Оба поединщика вышли на задний двор гостиницы. Даже если бы их и увидел с улицы случайный прохожий, все равно не осмелился бы помешать. Неприятели встали друг против друга. Сьер Денел отдал приветствие мечом, Гойдемир поклонился - каждый на свой лад. Поединок начали осторожно: кто его знает, какие хитрые извороты припасены у чужака. Они то сходились, пробуя защиту друг друга, то отшатывались подальше. Наконец первая жесткая сшибка: Гойдемир нанес, а сьер Денел отбил удар, в ответ перешел в нападение, но северянин спасся быстрым уходом вбок.
Перед началом схватки Гойдемир спросил варда: «Как дерутся по вашим правилам?» Рыцарь ответил: «Не следует наносить удары ногой или безоружной рукой, потому что так дерется уличный сброд, и это не подобает в поединке благородному человеку». Правило немного стесняло Гойдемира. Северяне, носящие тяжелую одежду и сапоги, умеют обходиться без ударов ногами, но то, что нельзя свободной рукой ни удержать, ни ударить соперника, было неудобно даргородцу.
Меч варда обрушился на Гойдемира рубящим ударом наискосок. Даргородец уклонился, поймал его клинок внизу, отбросил в сторону. Его собственный меч рванулся вверх по дуге. Был миг, когда, когда его рука находилась на уровне виска противника почти горизонтально, обращенная ему в висок навершием меча. Тогда, вместо того чтобы занести клинок для верхнего удара, Гойдемир хватил варда навершием.

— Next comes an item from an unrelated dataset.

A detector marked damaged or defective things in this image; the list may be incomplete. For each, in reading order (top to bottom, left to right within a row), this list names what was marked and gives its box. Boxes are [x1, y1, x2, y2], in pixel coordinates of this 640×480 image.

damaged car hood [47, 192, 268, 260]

Конический шлем, украшенный гравировкой и позолотой, хоть и защитил голову рыцаря, но вард был оглушен. Он опустил руки, качнулся. Гойдемир отступил на шаг и быстро приставил острие меча к его горлу.
– Все, конечно дело!
Сьер Денел снова качнулся, помотал головой.

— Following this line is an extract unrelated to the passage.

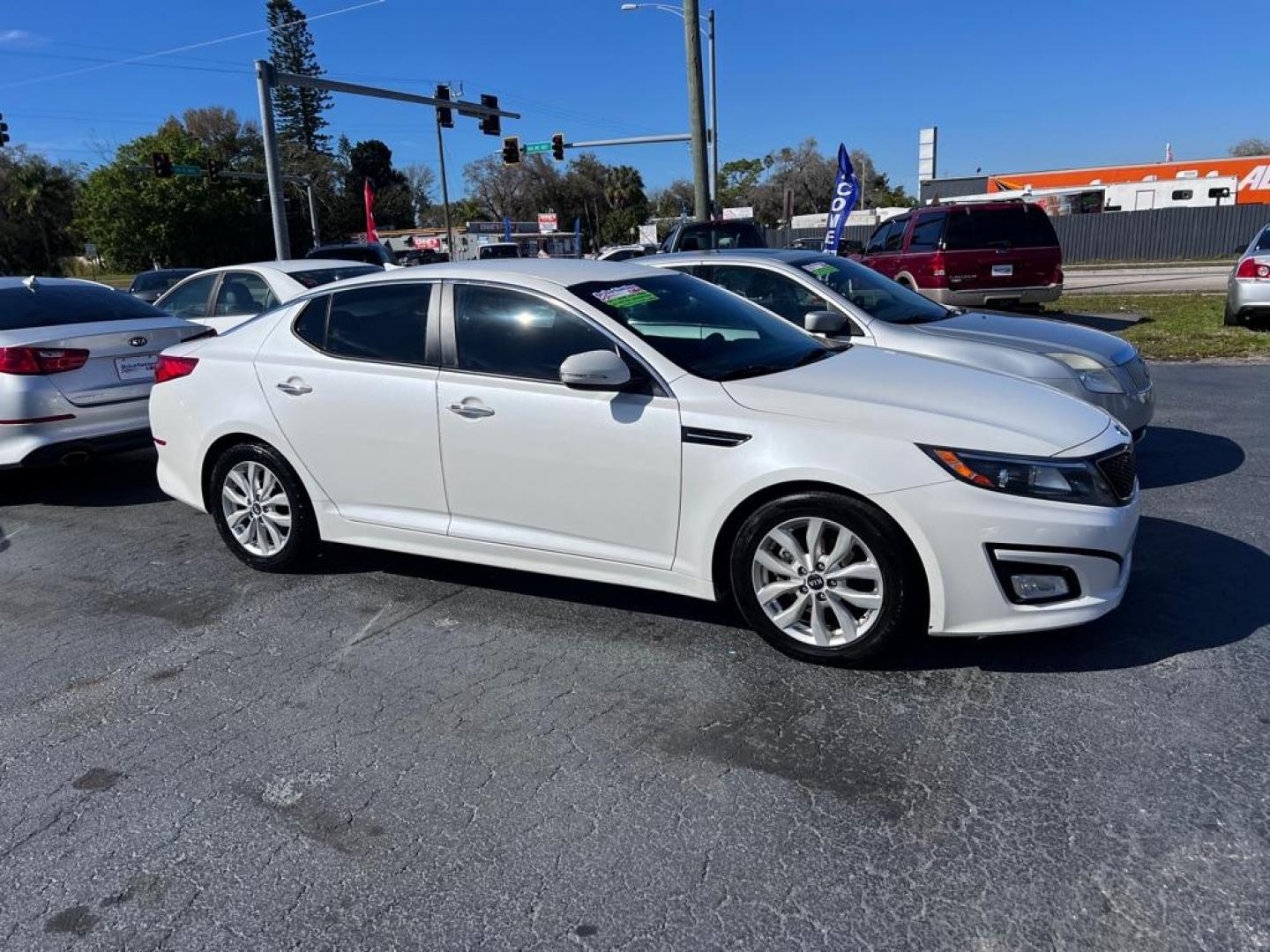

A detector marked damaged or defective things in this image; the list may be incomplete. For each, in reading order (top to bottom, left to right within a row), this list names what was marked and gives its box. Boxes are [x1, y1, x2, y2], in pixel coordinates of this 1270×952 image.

– Правила вынуждают меня признать твою победу, северянин. Этот удар был все-таки нанесен вооруженной рукой… хотя… - он зажмурился от головокружения. - Хотя я, конечно, не ожидал такого.
Гойдемир убрал от него свой клинок.
– По условию поединка, я признаю небожительницу Эрвенн дивной и прекрасной хозяйкой твоего народа, - ровным голосом закончил Денел.

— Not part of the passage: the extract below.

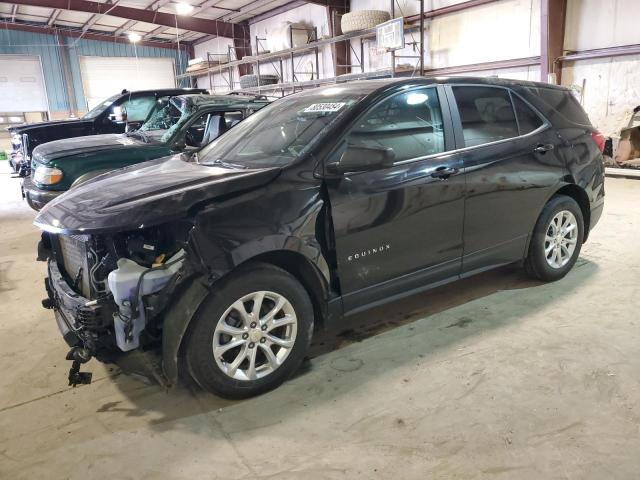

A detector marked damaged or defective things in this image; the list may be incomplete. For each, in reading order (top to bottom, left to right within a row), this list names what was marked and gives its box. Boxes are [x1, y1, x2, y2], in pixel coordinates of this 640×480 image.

cracked headlight [33, 167, 63, 186]
crushed front end [37, 224, 191, 386]
damaged black suv [35, 77, 604, 398]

– Угу… - обронил Гойдемир. - Тогда и я доволен.
Сьер Денел не догадывался, что на самом деле даргородец расстроен едва ли не больше него самого. Поклоняясь Путеводительнице, Гойдемир подрался с путником; в день осеннего равноденствия затеял ссору. Он наизусть знал поучение Ярвенны, которое в Даргороде называется «праздничным»:
«На праздниках бои пусть у вас будут для потехи, а не для раздора. С кем ты в ссоре, с тем помирись перед игрищами, и тогда, если пойдешь биться с ним, состязайтесь как братья и друзья, а не как недруги. Когда веселишь себя вином, не давай вину помрачить твой разум и не становись буйным, не задевай соседа и родича, сидящего рядом, обидными словами, и не сам не впадай во гнев, чтобы не было между вами раздора».
Даргородец и рыцарь-вард вернулись в гостиницу молча. Гойдемир наскоро поужинал, уже не приглашая Денела разделить с собой хлеб, и нарочно раньше лег спать, отвернувшись к стене. Денел тоже поел один и, исходя из того, что комната не была рассчитана на двух постояльцев, лег на ту же кровать.
Только рассвет наконец избавил невольных товарищей по ночлегу друг от друга. Они наскоро простились и разошлись, выбросив из головы эту встречу.
Едва сьер Денел увидел Дайка в доме Гвендис, ему припомнился молодой даргородец. Но окончательной уверенности рыцарь не чувствовал. У Гойдемира было простое лицо без особых примет.
– Скажи, Дайк, ты в самом деле убежден, что эта драгоценность принадлежала падшим небожителями? - обратился сьер Денел к стоявшему перед ним бродяге.
– Да, - подтвердил Дайк.
Он стоял, уронив руки и чуть сутулясь. «Ясновидящий? - размышлял сьер Денел. - Во сне ему было указано место, где хранится сокровище. Но что это за выдумка о древних небожителях, которые жили на земле?! Этого нет в Священном писании. Это не противоречит писанию, но и не подтверждается в нем… Что же делать? - рыцарь попытался собраться с мыслями. - Драгоценный камень, который небожители принесли в Обитаемый мир с небес! Смертные не имеют права владеть им, его нужно передать церкви. Но чего стоит свидетельство потерявшего память бродяги? Нельзя же вдруг объявить, что через сны полоумного Дайка нам открылась великая реликвия… Для начала надо показать камень надежному оценщику, как бы не оказалось - подделка».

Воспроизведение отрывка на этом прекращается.